Talks between senior military commanders have failed to change the status quo. More importantly, Chinese attempts to seize territories have continued. India has responded strongly by resisting Chinese efforts to seize territories in Arunachal Pradesh in the Tawang area. China’s aim is clearly to keep Indian troops deployed in difficult terrain and ice-cold weather in Ladakh and Arunachal Pradesh. Things could change only if China realises that continuous ‘salami slicing’ of small bits of Indian territory is not going to impact India’s growing relations with the US, Russia and Japan. Nor are they going to influence India’s determination to foster economic and defence ties through groupings such as the Quad and I2U2 across the Indo-Pacific region.

China also remains determined to undermine India’s influence in Nepal by courting a wide cross-section of the Nepalese political elite. This is, however, easier said than done, given the interdependence of landlocked Nepal and its people with India. While Bhutan and India are linked by long-standing treaty commitments, China is now seeking to make inroads into Bhutan by negotiating a border agreement. Bhutan, with its long-term economic, cultural and spiritual links, is, however, sensitive to India’s concerns as it proceeds with its talks with China. Most importantly, China has backed Pakistan in confronting India by liberal supplies of conventional weapons and assistance to Pakistan’s nuclear weapons and missile programmes. China remains engrossed in its long-term programme for strategic containment of India. This is a reality that India has to recognise and be prepared for a long haul.

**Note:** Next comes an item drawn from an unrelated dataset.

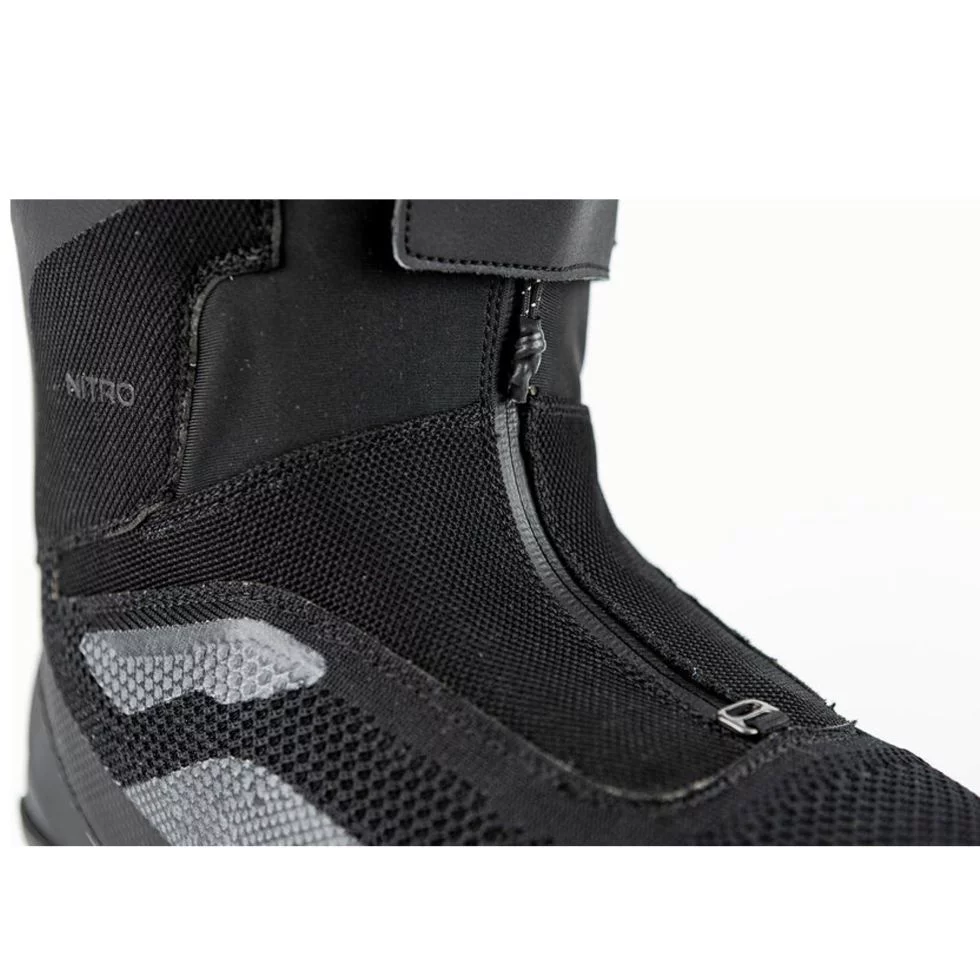 Nitro\u0020Skylab\u0020Boa\u0020Black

India’s response to this long-term reality of challenges that China poses has been gradually picking up momentum. This has involved maintaining good relations with Russia, despite western reservations, which have grown stronger after the Ukraine conflict. While India recognises that Russia cannot indefinitely hold on to Ukrainian territory, there is good reason to infer that Ukrainian President Zelenskyy went too far with his ambitions by joining hands with the US and seeking control of Crimea.

China, which has offered to mediate, is going to realise that no solution to the Ukraine crisis can be found unless Russia’s crucial interests in Crimea and concerns over ethnic Russians in southern Ukraine are addressed. The bitterness that has characterised relations between Russia and Ukraine makes US ambitions to cut Russia down to size a virtually impossible task in the near future.

In the meantime, India is set to face the difficult task of ensuring that differences with China and rivalries between Russia and China on the one hand, and the US and its European allies on the other, do not hamper the success of the G20 Summit it is hosting later this year.